TASK INPUTS ▸
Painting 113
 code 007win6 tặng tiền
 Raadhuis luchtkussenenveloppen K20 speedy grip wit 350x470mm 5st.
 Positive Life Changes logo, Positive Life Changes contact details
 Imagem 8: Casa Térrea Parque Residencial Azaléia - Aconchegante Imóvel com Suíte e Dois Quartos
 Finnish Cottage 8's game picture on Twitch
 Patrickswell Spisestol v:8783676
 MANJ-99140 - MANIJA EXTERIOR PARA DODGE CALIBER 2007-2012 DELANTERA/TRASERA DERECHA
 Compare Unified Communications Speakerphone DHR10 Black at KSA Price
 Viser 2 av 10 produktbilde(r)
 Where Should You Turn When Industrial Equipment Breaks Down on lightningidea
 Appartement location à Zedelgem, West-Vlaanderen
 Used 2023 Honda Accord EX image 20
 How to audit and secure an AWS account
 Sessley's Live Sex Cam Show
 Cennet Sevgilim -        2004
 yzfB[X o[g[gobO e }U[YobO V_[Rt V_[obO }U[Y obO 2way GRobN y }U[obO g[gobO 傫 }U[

PROBLEM REQUIREMENTS ▸ The answer must be the full listing, returned exactly as given.

SOLUTION TO THIS PROBLEM ▸
Painting 113
 code 007win6 tặng tiền
 Raadhuis luchtkussenenveloppen K20 speedy grip wit 350x470mm 5st.
 Positive Life Changes logo, Positive Life Changes contact details
 Imagem 8: Casa Térrea Parque Residencial Azaléia - Aconchegante Imóvel com Suíte e Dois Quartos
 Finnish Cottage 8's game picture on Twitch
 Patrickswell Spisestol v:8783676
 MANJ-99140 - MANIJA EXTERIOR PARA DODGE CALIBER 2007-2012 DELANTERA/TRASERA DERECHA
 Compare Unified Communications Speakerphone DHR10 Black at KSA Price
 Viser 2 av 10 produktbilde(r)
 Where Should You Turn When Industrial Equipment Breaks Down on lightningidea
 Appartement location à Zedelgem, West-Vlaanderen
 Used 2023 Honda Accord EX image 20
 How to audit and secure an AWS account
 Sessley's Live Sex Cam Show
 Cennet Sevgilim -        2004
 yzfB[X o[g[gobO e }U[YobO V_[Rt V_[obO }U[Y obO 2way GRobN y }U[obO g[gobO 傫 }U[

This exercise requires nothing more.